(Dataset records begins)

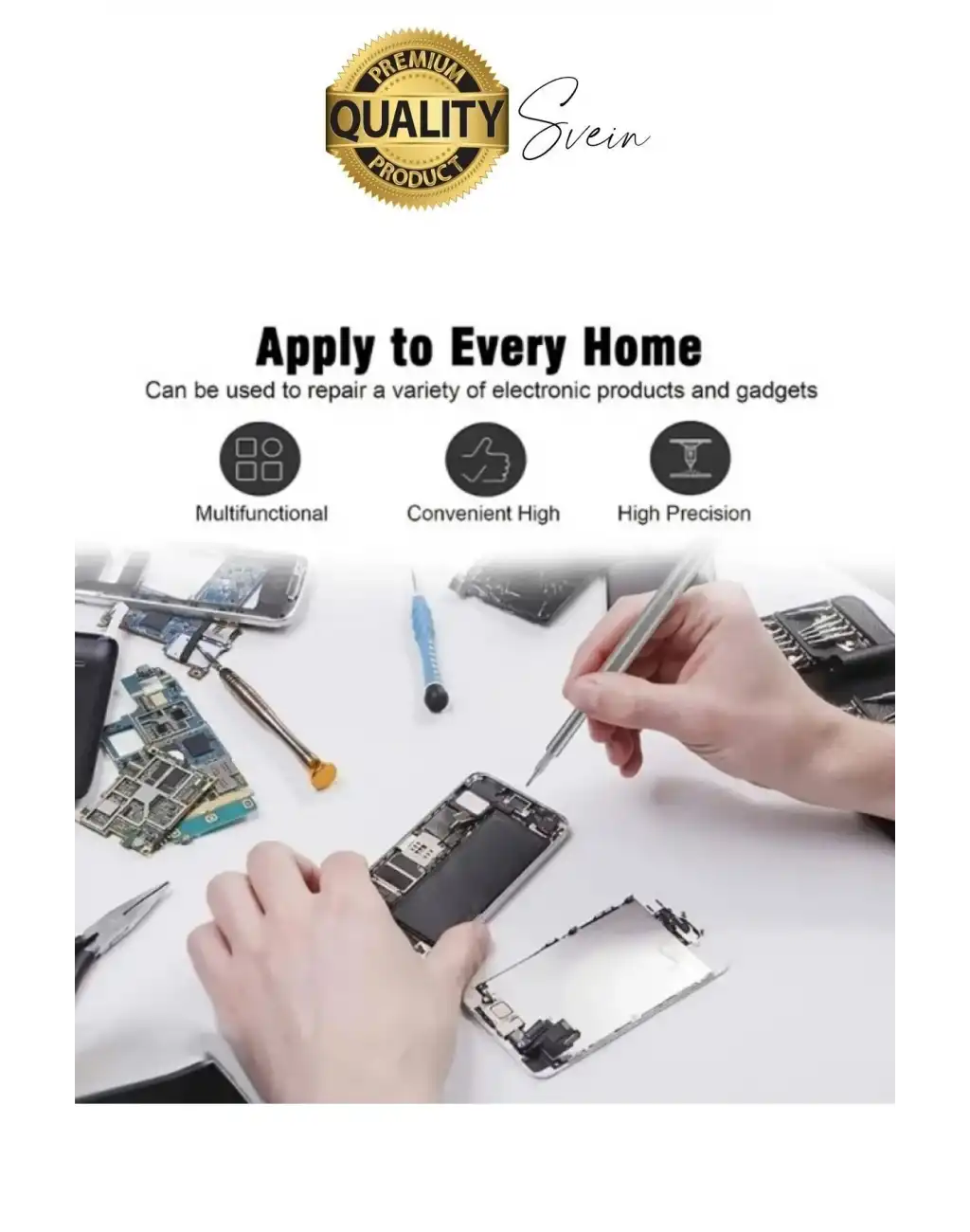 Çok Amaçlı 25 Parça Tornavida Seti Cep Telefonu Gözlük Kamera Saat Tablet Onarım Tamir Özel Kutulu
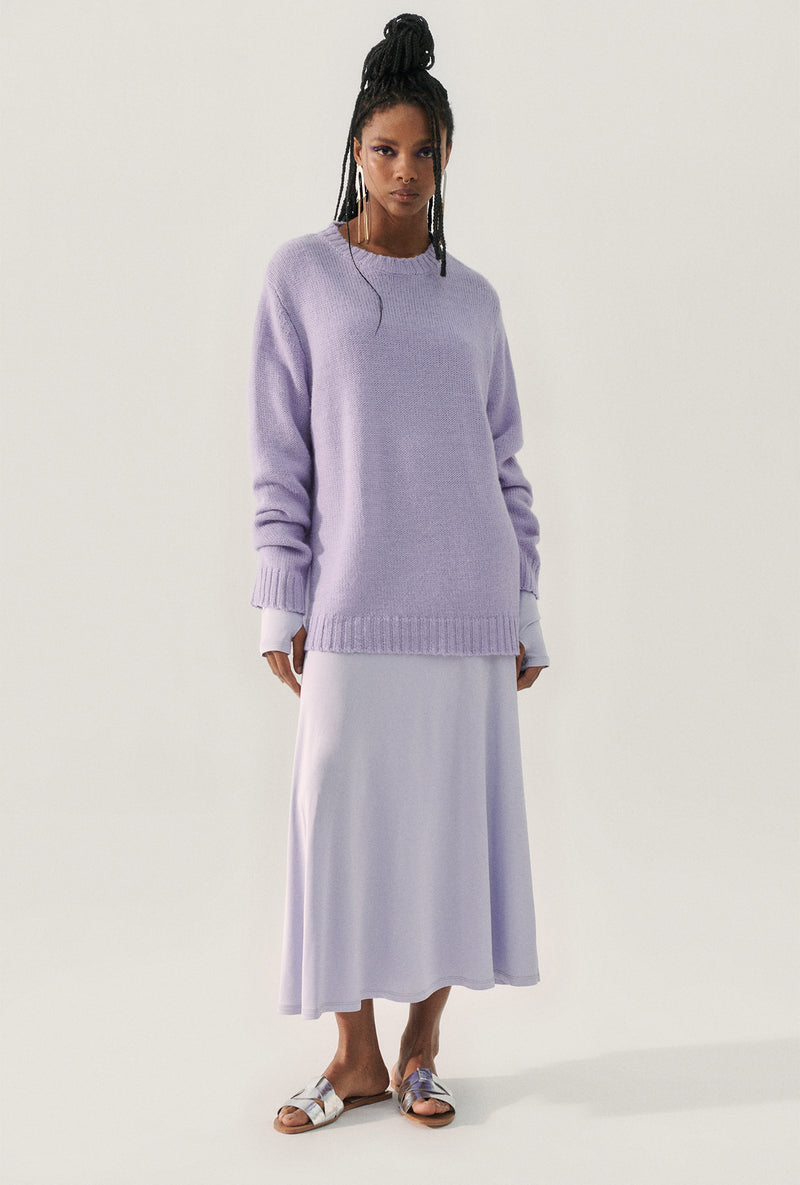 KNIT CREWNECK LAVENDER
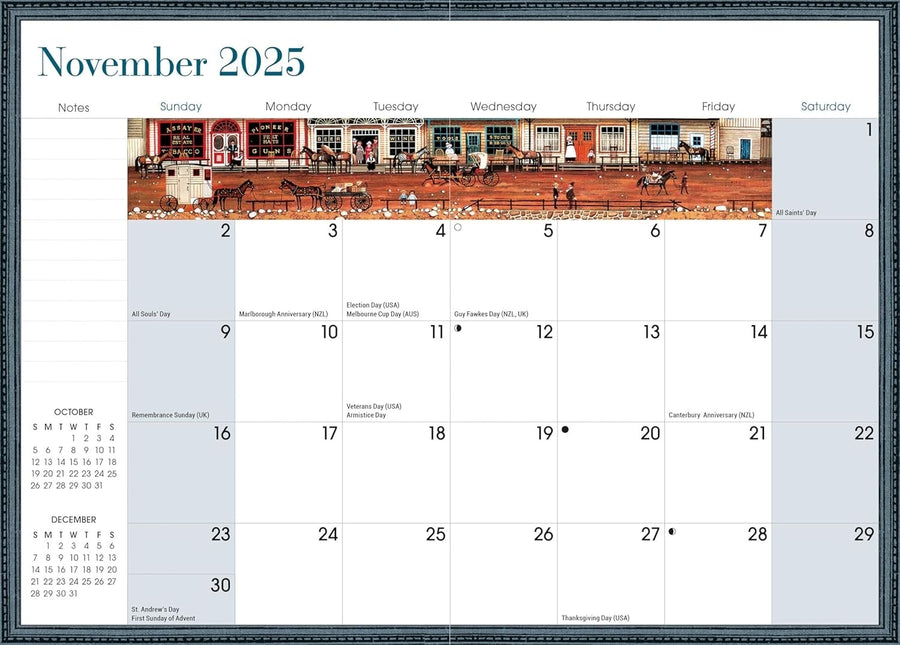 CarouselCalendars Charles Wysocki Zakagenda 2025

(Dataset records ends)
(Dataset records begins)

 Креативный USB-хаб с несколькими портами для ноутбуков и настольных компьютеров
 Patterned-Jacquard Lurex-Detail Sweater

(Dataset records ends)
(Dataset records begins)

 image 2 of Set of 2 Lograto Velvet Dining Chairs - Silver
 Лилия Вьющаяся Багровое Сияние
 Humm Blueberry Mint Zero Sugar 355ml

(Dataset records ends)

Take exactly the lines from the one containing "image 2 of Set" through the one containing "Humm Blueberry Mint Zero Sugar 355ml" in the data above, and output them with nothing added.

 image 2 of Set of 2 Lograto Velvet Dining Chairs - Silver
 Лилия Вьющаяся Багровое Сияние
 Humm Blueberry Mint Zero Sugar 355ml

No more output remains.